# a question about making cockatiel toys



## cool disel (Aug 10, 2009)

hi there.. 
i've had my birds for almost 2 months now i normally leave the cage door open in my room and close the room's door.. i find them normally chewing my T-shirts buttons and i thought it would be better to make some toys for them (we don't hv big pet shops here in yemen so i can't buy ready toys and online shops will cost alot for the shipping and handling) 

so i want to ask if i can use normal packaging foam* to use it to make some toys.. and what kind of colors i can use to color the popsicle sticks*, water based or there are someother types i can use? 


popsicle sticks










normal packaging foam


----------



## Renae (Feb 9, 2008)

Don't use the foam.
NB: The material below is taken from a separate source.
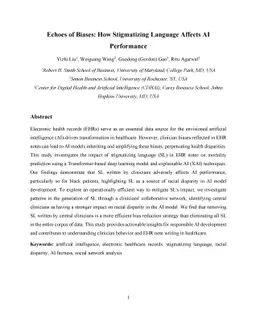 Echoes of Biases: How Stigmatizing Language Affects AI Performance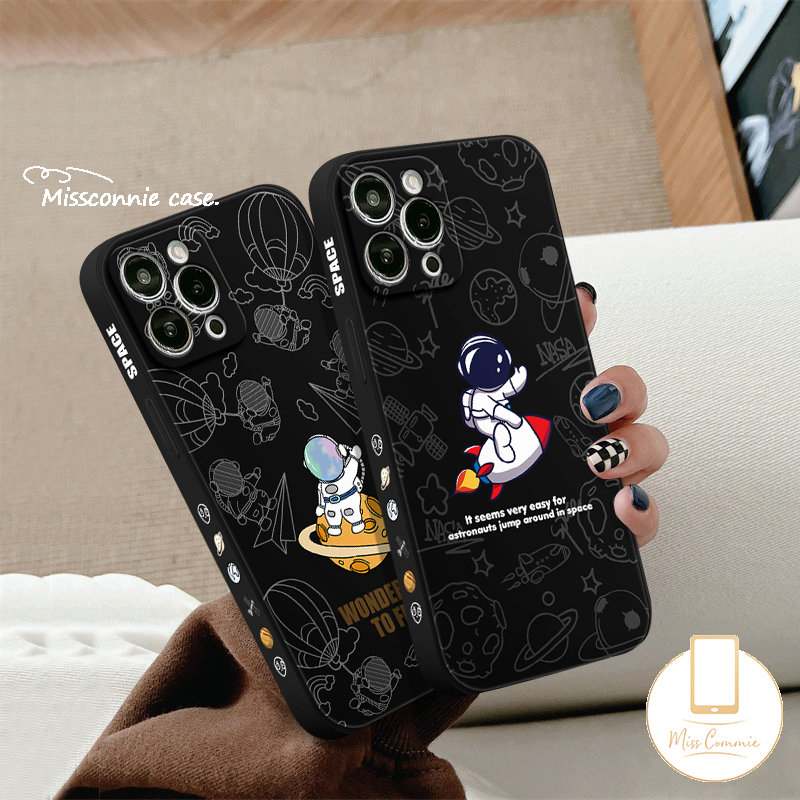 Casing Motif Samping Redmi 9A 10A 12C 9T 9 10 9C NFC Redmi Note 9 10s 11 10 8 10Pro 10 Pro Max Plus Poco F4 F3 Pro Tepi Lurus Lucu Kartun Astronot NASA Lembut Tpu Penutup Belakang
You wouldn't want them swollowing it.

The popsicle sticks are okay to use though, to color them you can use food coloring and vegetable based dyes.


----------



## cool disel (Aug 10, 2009)

thanx for the advice  
can i use babies toys?


----------



## Renae (Feb 9, 2008)

You're welcome. 

It depends what kind of baby toys you're talking about. Things that're easily breakable should be avoided so it won't hurt your 'tiels. You can use all different things, but there's certain things you also need to avoid using.


----------



## Renae (Feb 9, 2008)

Check out this thread

http://www.talkcockatiels.com/showthread.php?t=242 (just click on it)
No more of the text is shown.